Provided material:
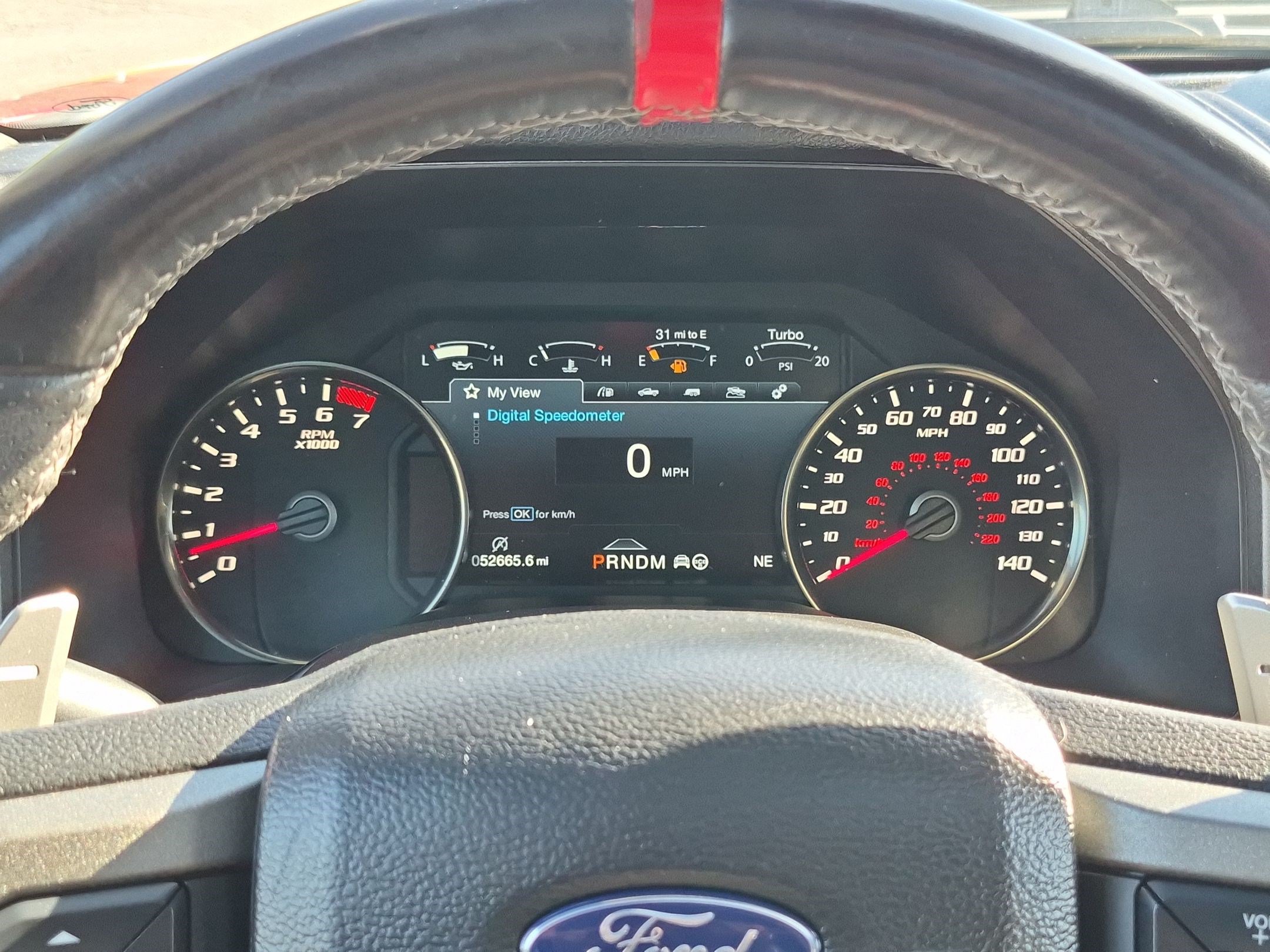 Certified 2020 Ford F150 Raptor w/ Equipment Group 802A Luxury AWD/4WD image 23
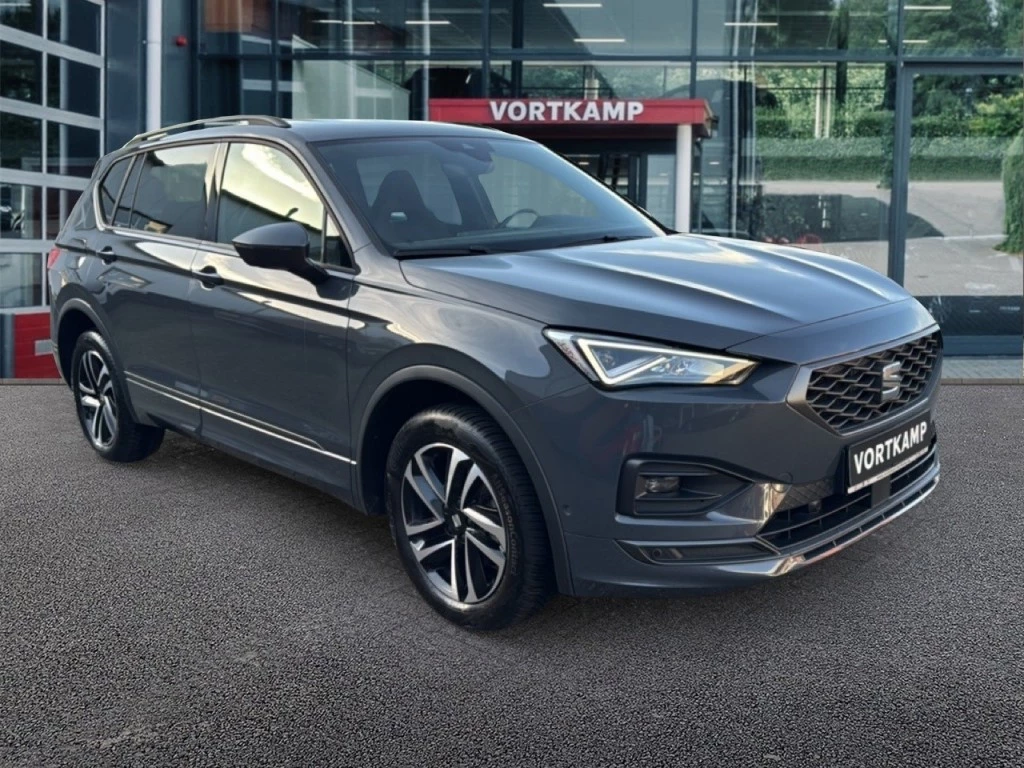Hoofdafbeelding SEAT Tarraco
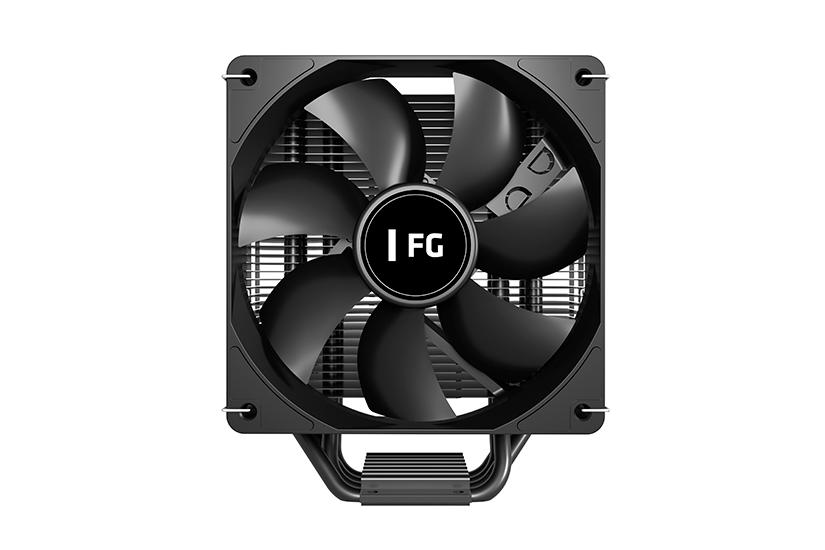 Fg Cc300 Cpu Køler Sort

Exercise instructions:
Please retype the material in full, exactly as it reads, apart from the images.

Response to this task:
 Certified 2020 Ford F150 Raptor w/ Equipment Group 802A Luxury AWD/4WD image 23
Hoofdafbeelding SEAT Tarraco
 Fg Cc300 Cpu Køler Sort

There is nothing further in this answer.